Facebook takes a DevX-first approach to growing and evolving their monolithic repo. The repo is responsible for web pages and web servers, leveraging signed, checked, and highly-usable generated code to fulfill all integration and deployment requirements. Generated code offers daily benefits to Facebook’s developers, like auto-resolution of merge conflicts, script verification checkpoints, and time-saving incremental code generation only for files that were changed. Yet as code generation scaled to accommodate more developers, their pain points–like slower processes and broken code sneaking in–also grew in scale. This led the DevX team to take a step back. Learn how their renewed focus on DevX led to improving their existing frameworks and internal language used, as well as creating smart build caches to speed things up.
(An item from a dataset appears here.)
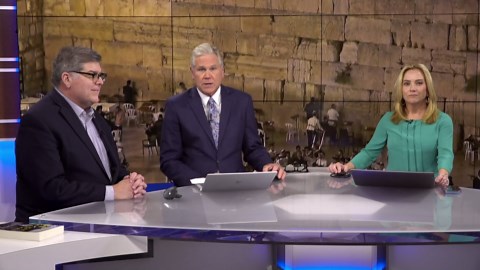 Spalding University expert Dr. Kurt Jefferson weighs in on Israel conflict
Get an overview of how Facebook (Meta) leveraged code generation to its maximum potential before uncovering its DevX limitations. Learn about the steps the Developer Experience team took to support code gen as a scalable benefit for developers, how it eventually evolved to expose some problematic experiences, and what the Meta team has done recently to find alternatives to code generation.
Affan Hussain works as a Software Engineer on the Developer Experience team at Facebook (Meta). He loves to help other developers move faster and achieve their goals.

Gradle Enterprise customers use the Gradle Enterprise Performance and Trends dashboards to identify and monitor performance bottlenecks in the build/test process, including code generation and annotation processors. You can learn more about these features in the free instructor-led Build Cache deep-dive training.
Check out these resources on keeping builds fast with Gradle Enterprise:
- How to leverage Build Scan™ to keep builds fast.
- Sign up for our free training class, Build Cache Deep Dive to learn more how you can monitor the impact of code generation on build performance.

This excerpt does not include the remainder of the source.